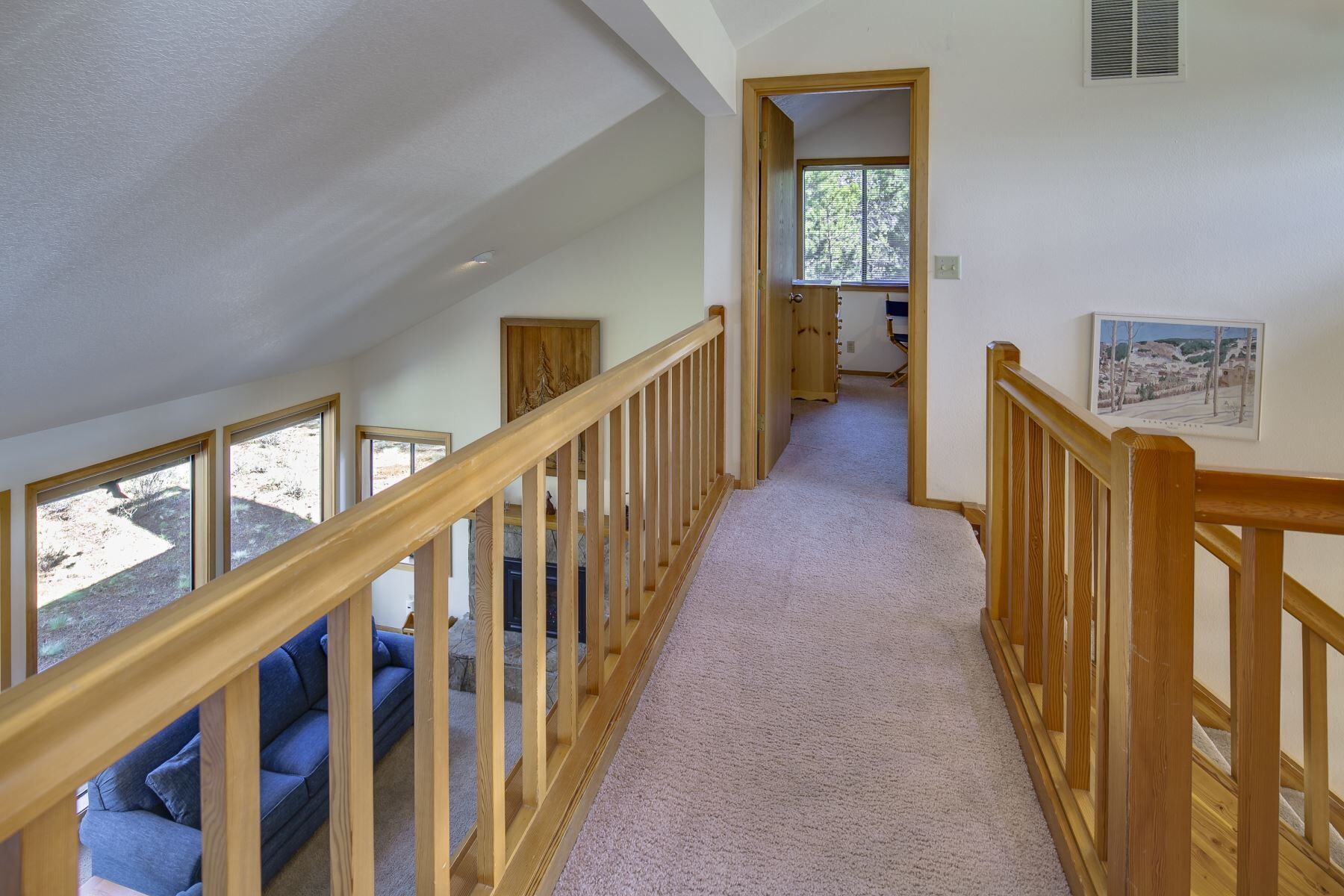 Una escalera con barandillas de madera que lleva a un dormitorio con ventana y puerta.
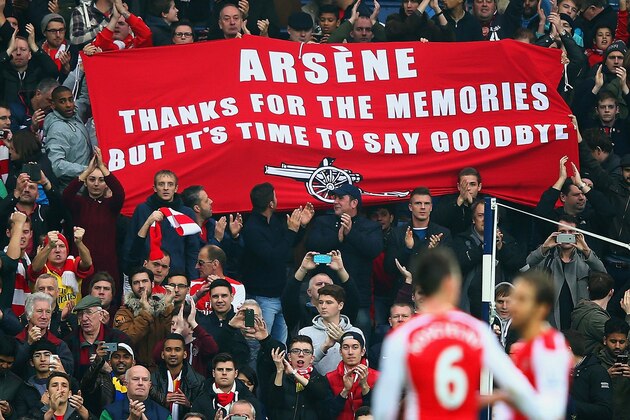 WEST BROMWICH, ENGLAND - NOVEMBER 29: (EDITORS NOTE: This is a retransmission of image #459708260 with an alternative crop) Arsenal fans hold up a banner for Arsene Wenger, manager of Arsenal during the Barclays Premier League match between West Bromwich Albion and Arsenal at The Hawthorns on November 29, 2014 in West Bromwich, England (Photo by Mark Thompson/Getty Images) WEST BROMWICH, ENGLAND - NOVEMBER 29: (EDITORS NOTE: This is a retransmission of image #459708260 with an alternative crop) Arsenal fans hold up a banner for Arsene Wenger, manager of Arsenal during the Barclays Premier League match between West Bromwich Albion and Arsenal at The Hawthorns on November 29, 2014 in West Bromwich, England (Photo by Mark Thompson/Getty Images)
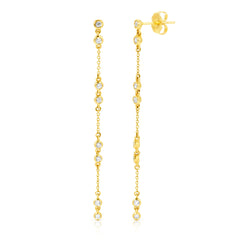 A pair of Stardust Earrings in yellow gold on a white background. 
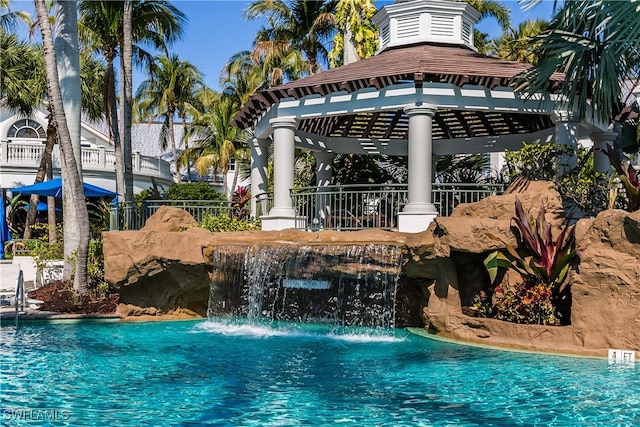 view of swimming pool featuring a gazebo and pool water feature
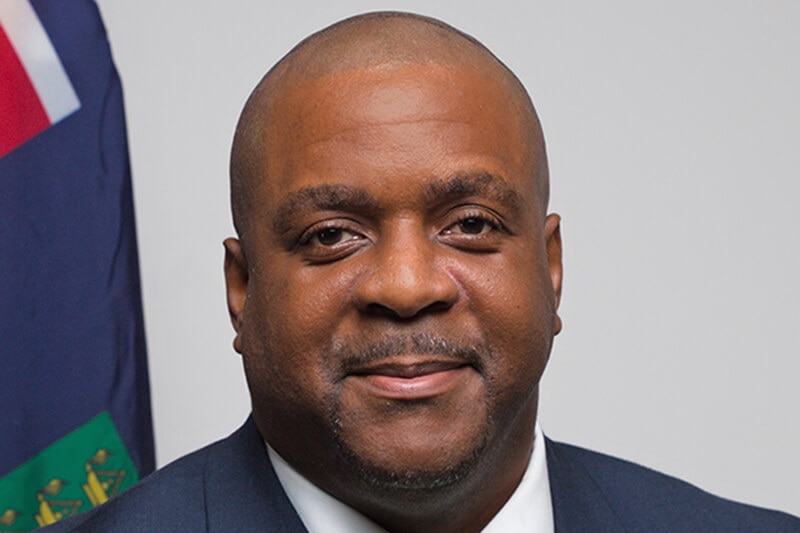 Man in a suit poses for a professional head shot.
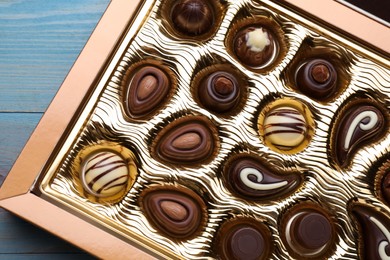 Photo of Box of delicious chocolate candies on light blue wooden table, top view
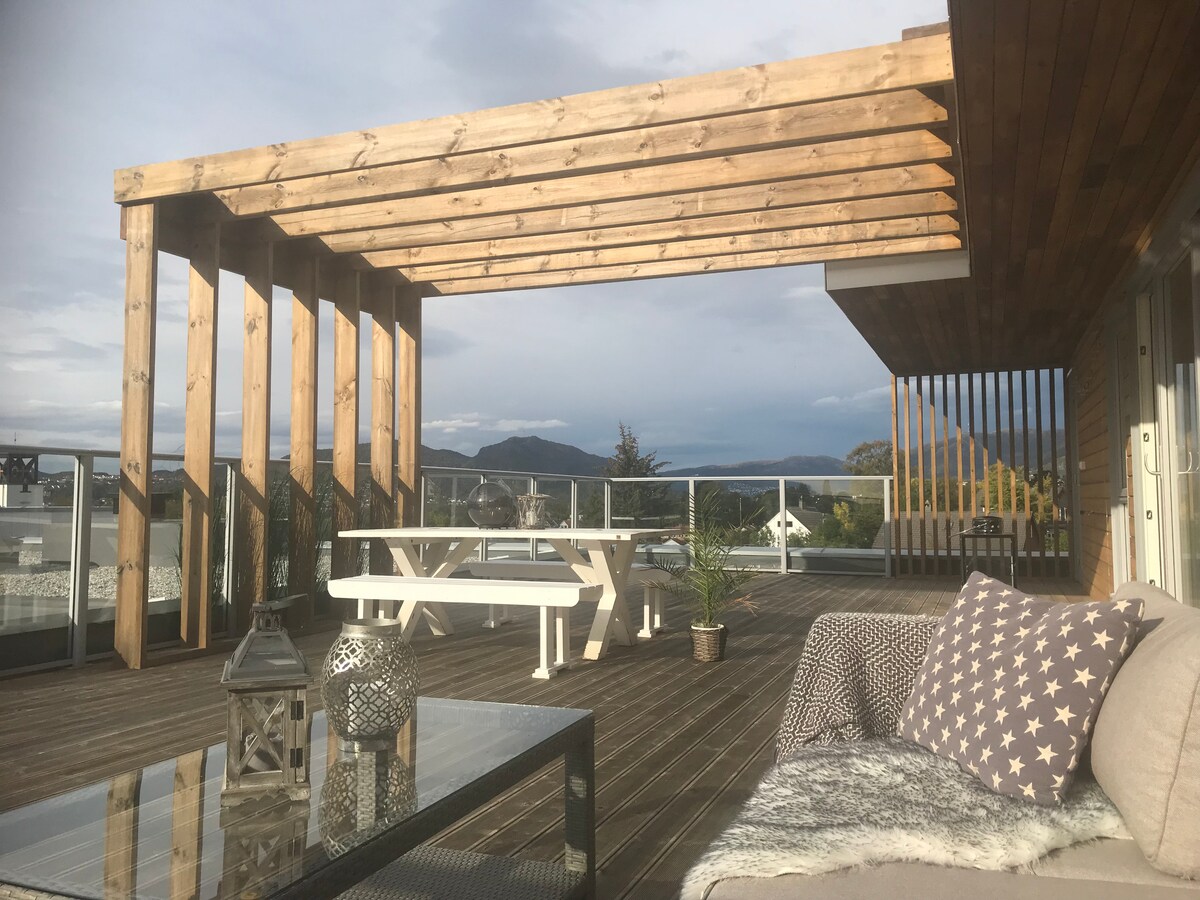 A spacious private terrace is presented, featuring a wooden pergola, outdoor seating, and a dining table. The area is surrounded by glass railings, offering unobstructed views of the distant mountains and landscape. Warm sunlight illuminates the deck, highlighting its inviting and open atmosphere.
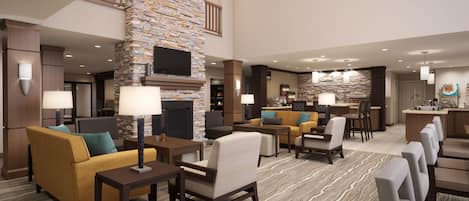 A hotel lobby with a stone fireplace, seating area, and a bar.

_Directions_
Could you write out exactly the lines of the data above that run from the one holding "Man in a suit" to the one holding "A spacious private", with both ends in and all pictures out?

_Solution to the exercise_
 Man in a suit poses for a professional head shot.
 Photo of Box of delicious chocolate candies on light blue wooden table, top view
 A spacious private terrace is presented, featuring a wooden pergola, outdoor seating, and a dining table. The area is surrounded by glass railings, offering unobstructed views of the distant mountains and landscape. Warm sunlight illuminates the deck, highlighting its inviting and open atmosphere.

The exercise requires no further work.